In re Auto Safety Signal Lamp Co.
This text of 237 F. 299 (In re Auto Safety Signal Lamp Co.) is published on Counsel Stack Legal Research, covering District Court, E.D. Pennsylvania primary law. Counsel Stack provides free access to over 12 million legal documents including statutes, case law, regulations, and constitutions.
Opinion
W. Bancroft Mellor was the treasurer of the bankrupt company and was mentioned in the schedule filed as a debtor. After the trustee had called on Mellor to turn over the sum of $598.49, he (Mellor) filed a claim against the bankrupt wherein he admitted having received $598.49 from-the bankrupt company, but set off a claim, alleged to be due him, greater, in amount, to wit, $2,096.25, leaving an alleged balance in his favor in the sum of $1,497.76. Mellor was examined concerning his claim, and the testimony of other witnesses was taken, resulting in the disallowance of it by the referee, who as a result of such hearing found and reported that Mellor’s indebtedness to the bankrupt company as treasurer was $682.74, made up of $598.49 admitted having received and the further sum of $84.25 presented and proved by the trustee.
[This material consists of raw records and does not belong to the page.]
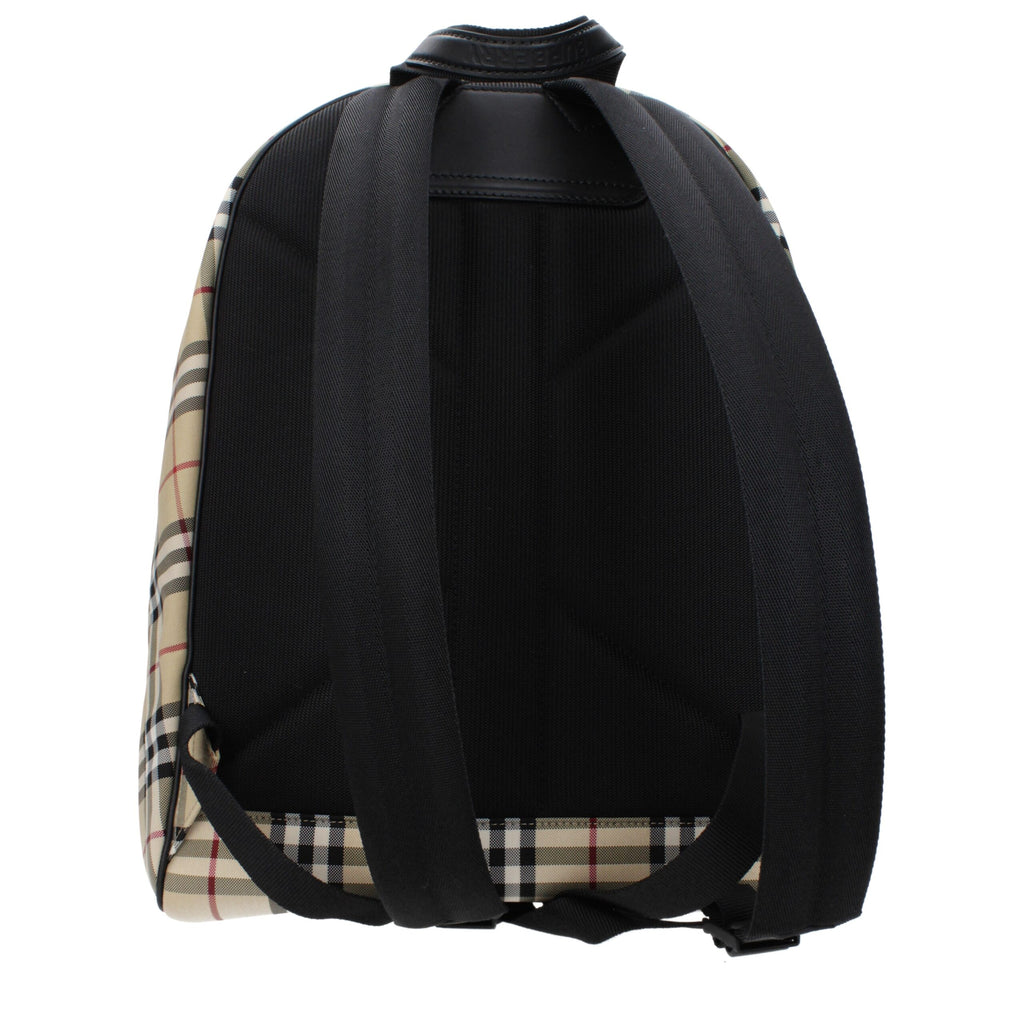 Burberry Rucksack aus beigefarbenem Stoff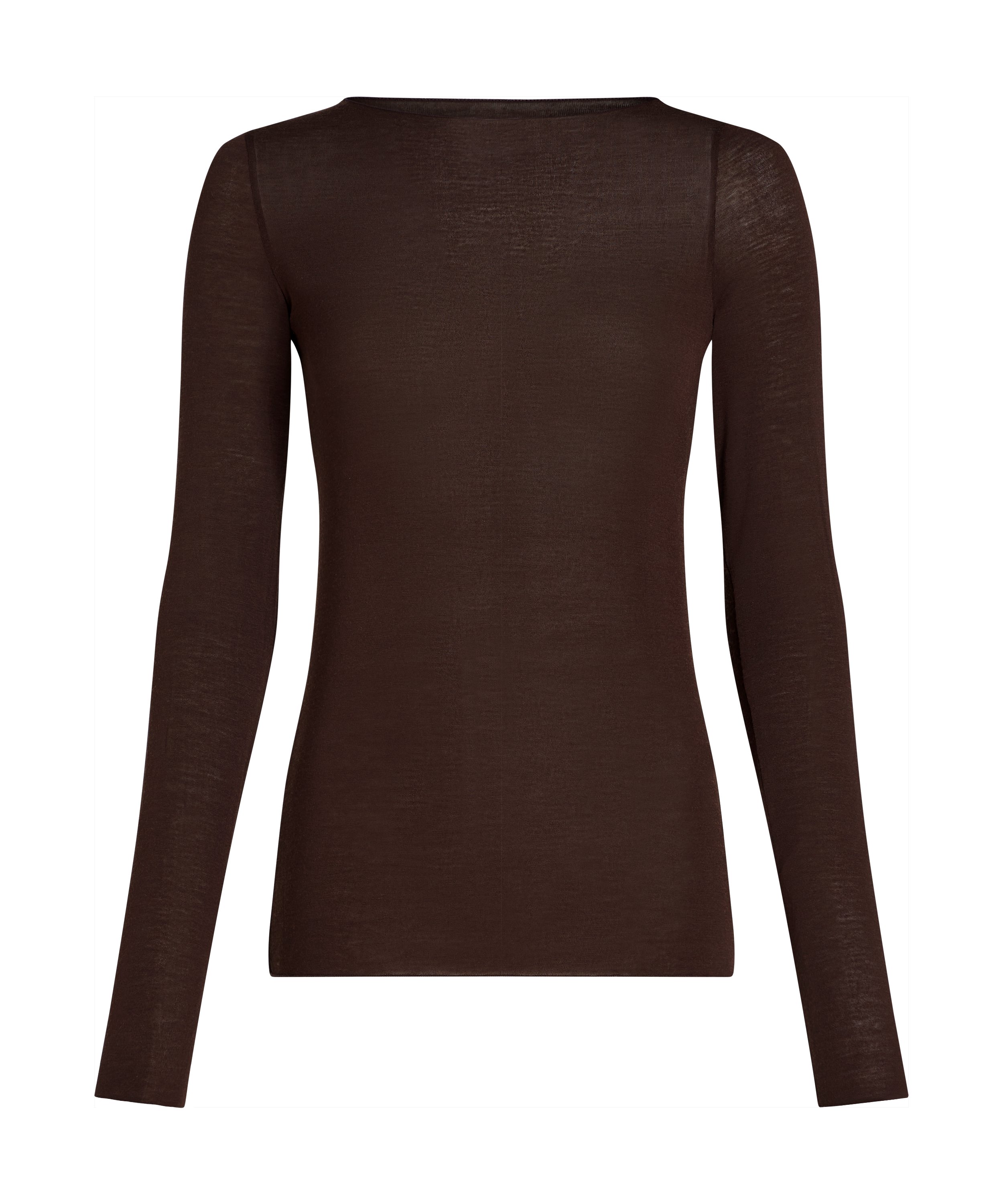 super soft Boatneck shirt with Cashmere, Brown, main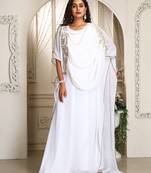 White islamic designer kaftan for women arabic wedding dresses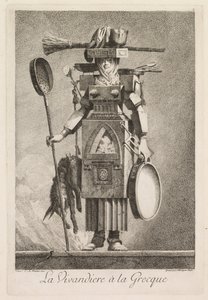 حفلة تنكرية يونانية: La Vivandière à la Grecque Plate 2 ، 1771.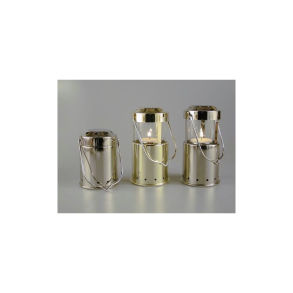 Fyrfadslygte (tyvelygte)  til ophng - forniklet jern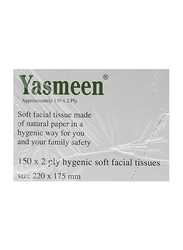 Yasmeen 2-Ply Soft Facial Tissue, 150 Sheets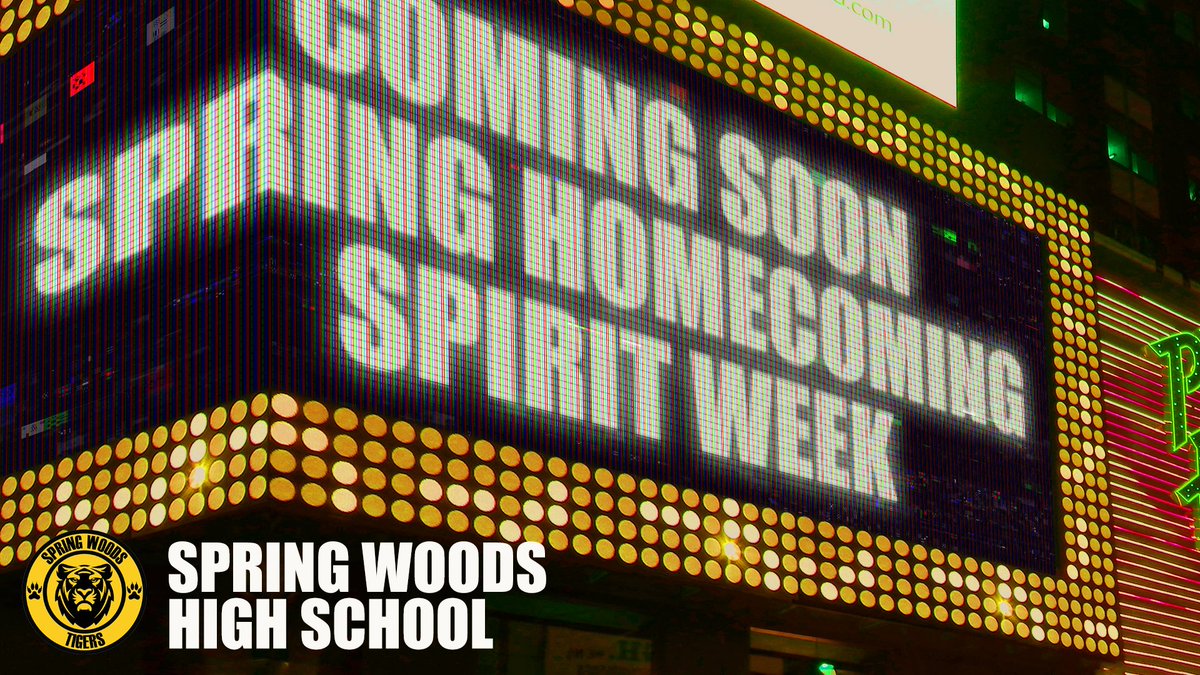SpringWoodsHigh's tweet photo. Coming Soon!  Spring HOCO spirit week!  You can't MASK our Tiger Pride!  #Allmeansall #SpringHOCO2021 https://t.co/HwkqIXMgOn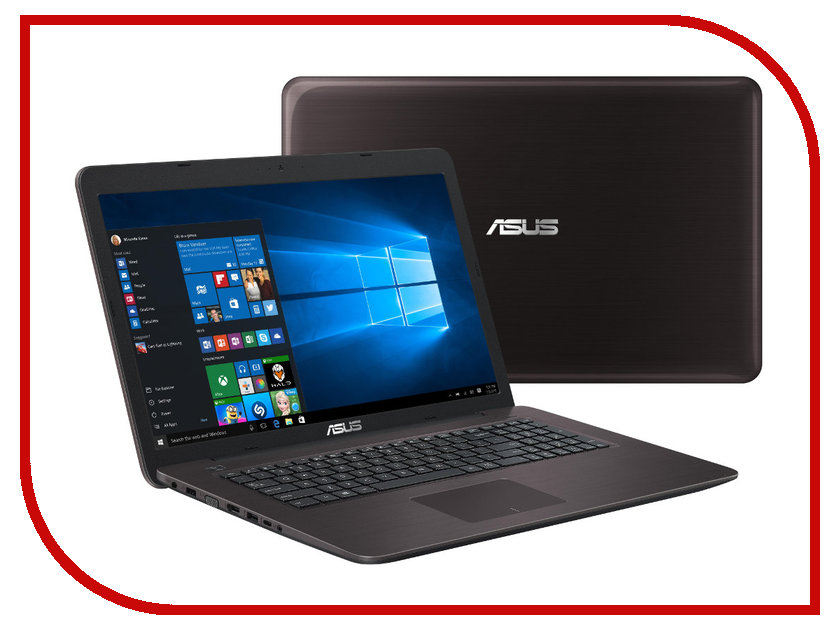 фото Ноутбук ASUS X756UQ-TY232T 90NB0C31-M02550 (Intel Core i5-6200U 2.3 GHz/4096Mb/1000Gb/DVD-RW/nVidia GeForce 940MX 2048Mb/Wi-Fi/Bluetooth/Cam/17.3/1600x900/Windows 10 64-bit)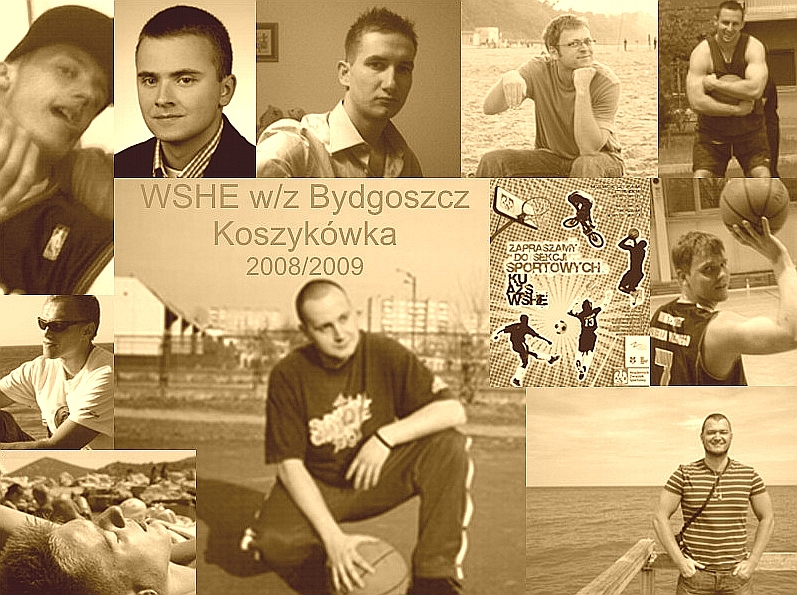 Reprezentacja WSHE w/z Bydgoszcz w Koszykówce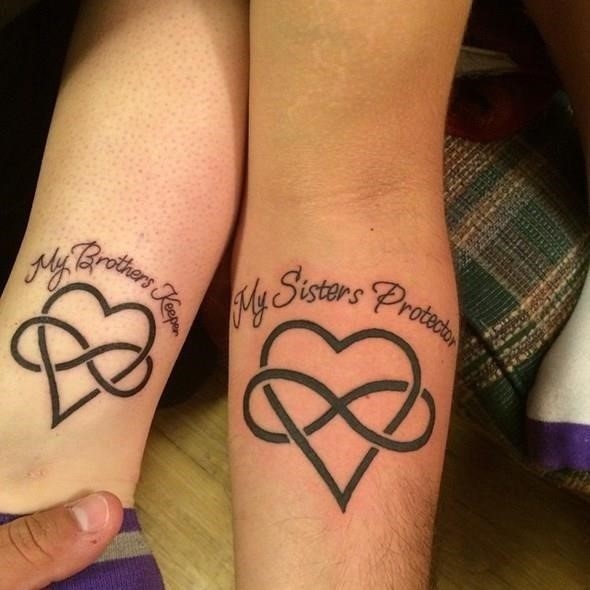 25 Best Meaningful Sibling Brother Sister Tattoo Design Ideas   EntertainmentMesh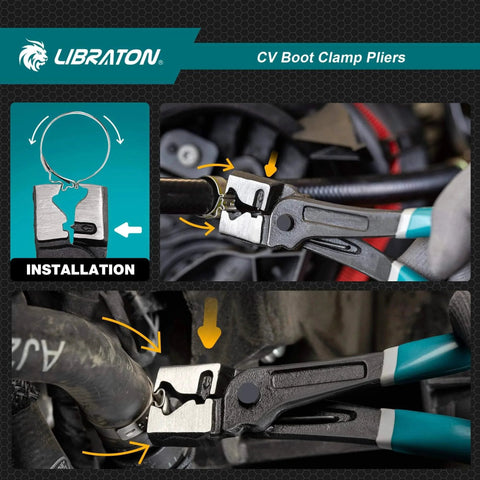 CV Boot Clamp Pliers For Clic And Clic-R Clamps 7 Inch Heavy Duty Spring Loaded Hose Clamp Tool For Quick Removal And Installation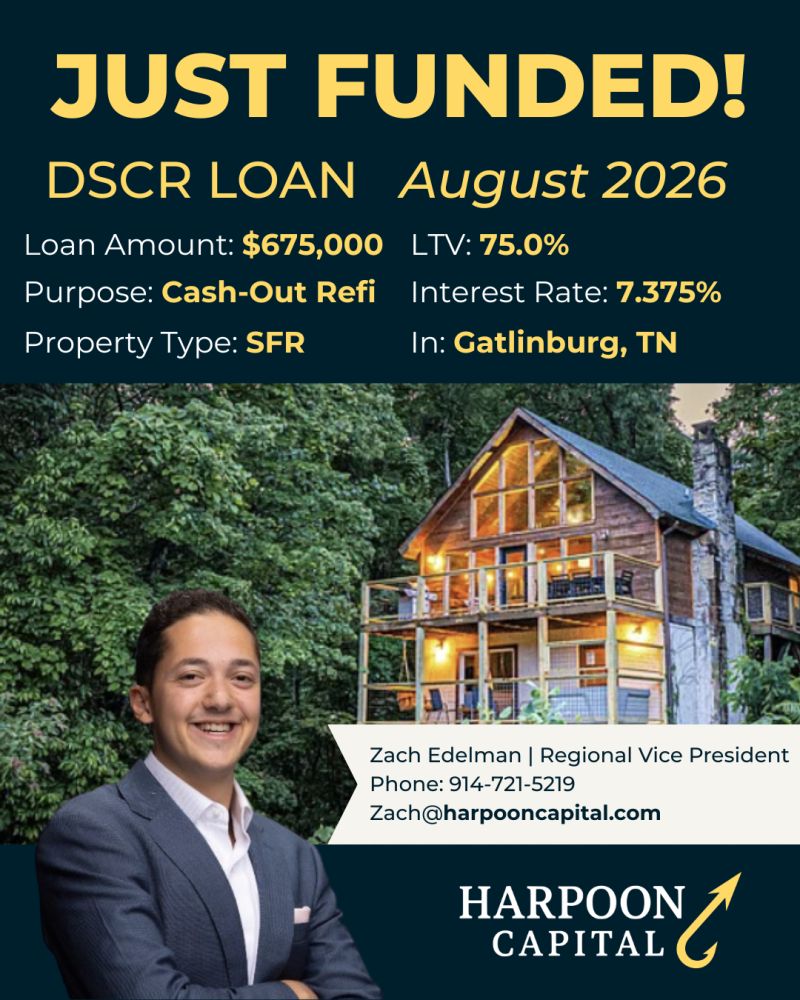 Funded DSCR loan: single family rental in Gatlinburg, TN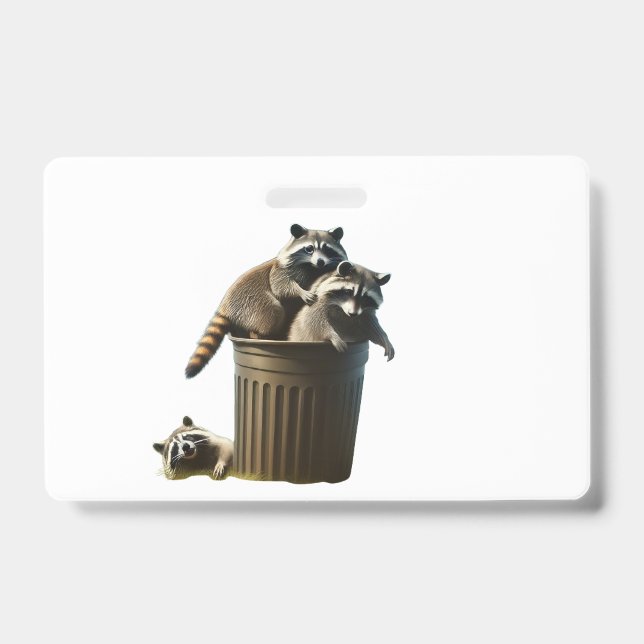 Trash Pandas Party ID Badge (Front)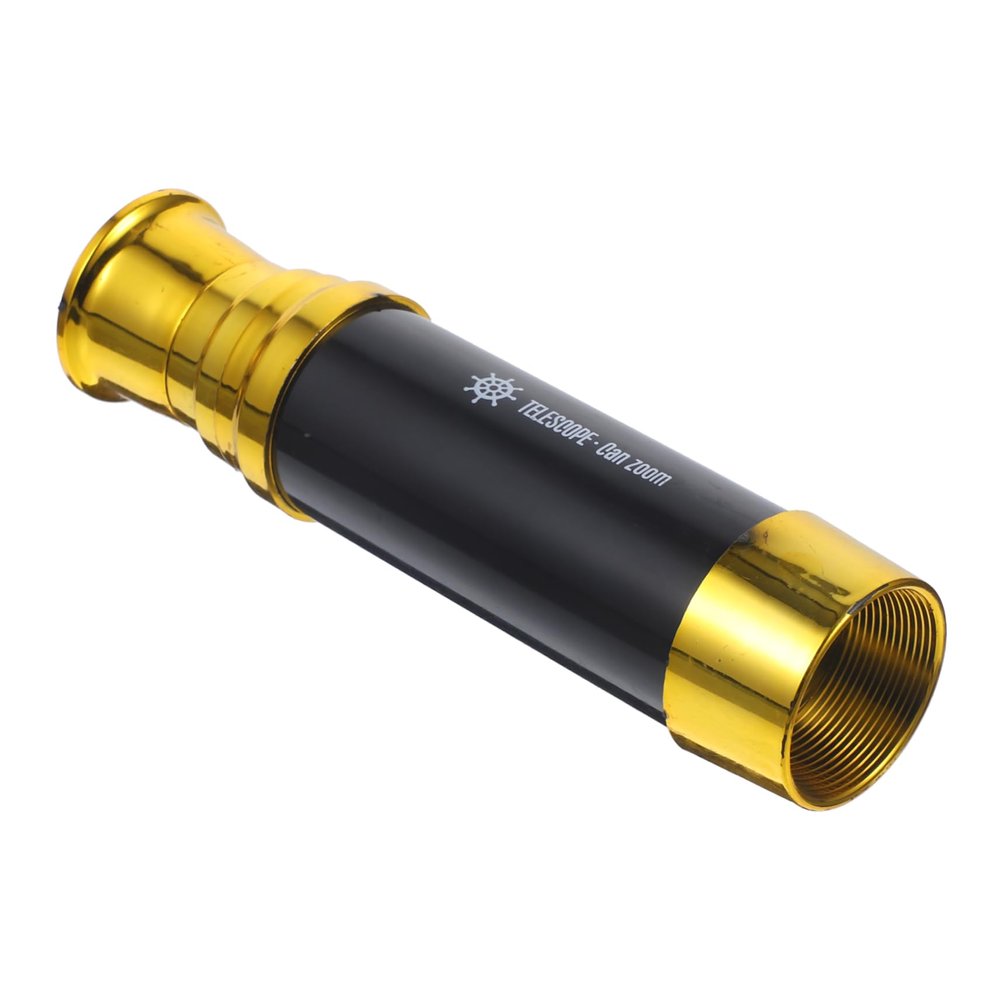 Abaodam Pirate Monocular Telescope Educational Spyglass for Boys and Portable Scientific Exploration Tool for Outdoor Adventures and Party Favors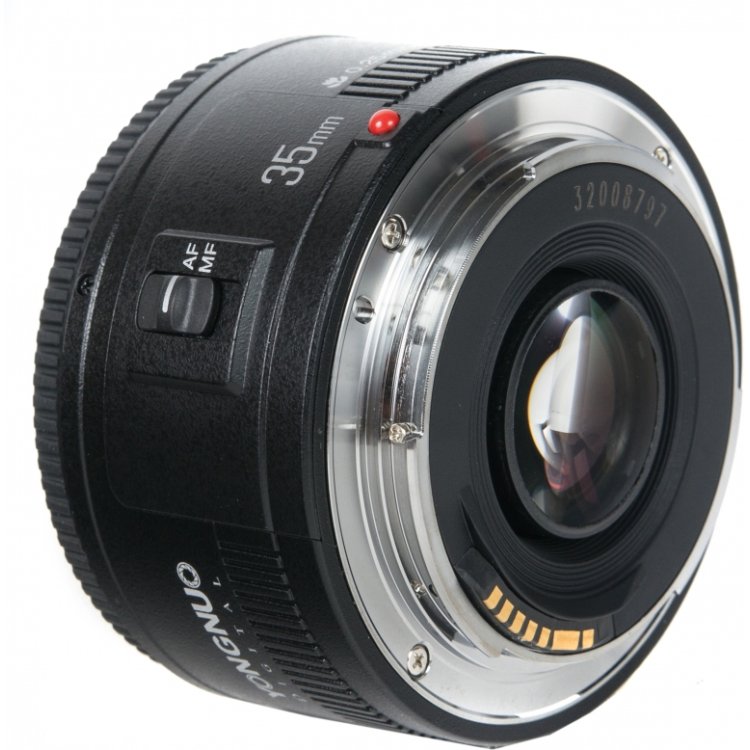 YongNuo AF 35mm f/2 Широкоугольный, Canon EF, Совместимость с полнокадровыми фотоаппаратами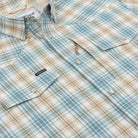 Poncho Men's Brown and Green Plaid "The Sandbar" Pearl Snap Shirt 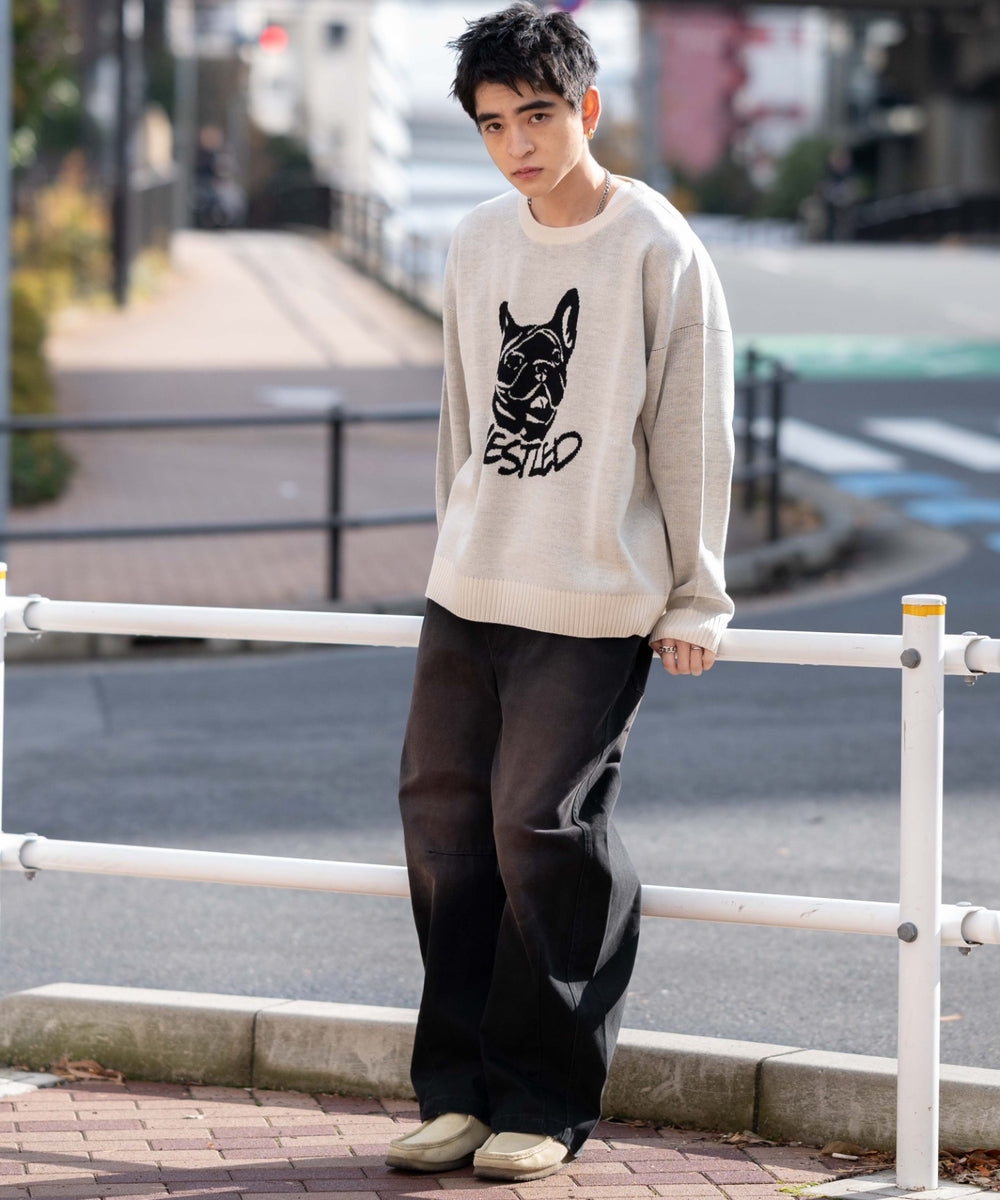 柄17 モデル：180㎝　L着用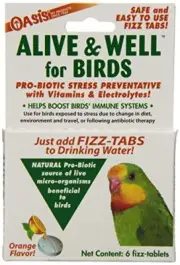 OASIS #80070 Alive and Well Stress Preventative & Pro-Biotic Tablets for Birds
, Summing up all of the reasons assigned for reversal of the order of the referee, the complaint is that the proceeding is unauthorized and that the evidence is insufficient to support the order in view of the former finding of the referee, that Mellor was a debtor to the bankrupt company as treasurer for the amount which he was directed to turn [301]*301over. While it appears that the referee, in disallowing the claim of Mellor, “states his (Mellor’s) indebtedness- to the bankrupt company as $682.74,” nevertheless, showing how he arrives at such amount, he clearly indicates in his former report, as he has since stated, justifying the order, that this amount is not a mere debt due by Mellor to the bankrupt company, but is, in fact, money which Mellor, without right or title, took from the company while he was treasurer, and has since failed to return. The referee’s report shows, and the same is borne out by the evidence, that Mellor filled in and made payable to himself certain checks, signed in blank by the president, while he (Mellor) was treasurer of the company, and which payments Mellor charged to commissions pretended to be due him for sale of stock, under an alleged agreement between him and the executive committee of the board of directors. The referee further found that this alleged agreement was never entered into; that Mellor, as treasurer of the company, had no right to draw checks payable to himself for commissions ; and that therefore, this sum having been improperly withdrawn from the treasury of the bankrupt company, Mellor had no title thereto, and was accordingly “indebted in that sum to the trustee.” The finding that the bankrupt so retained the money stated is justified from the evidence, and, Mellor having submitted to the court’s jurisdiction in attempting to establish a claim against the bankrupt company, forms a proper basis for the order that followed. Wiswall v. Campbell, 93 U. S. 347, 23 L. Ed. 923; In re Blake (C. C. A. 8th Cir.) 17 Am. Bankr. Rep. 668, 150 Fed. 279, 80 C. C. A. 167.
The order of the referee is affirmed.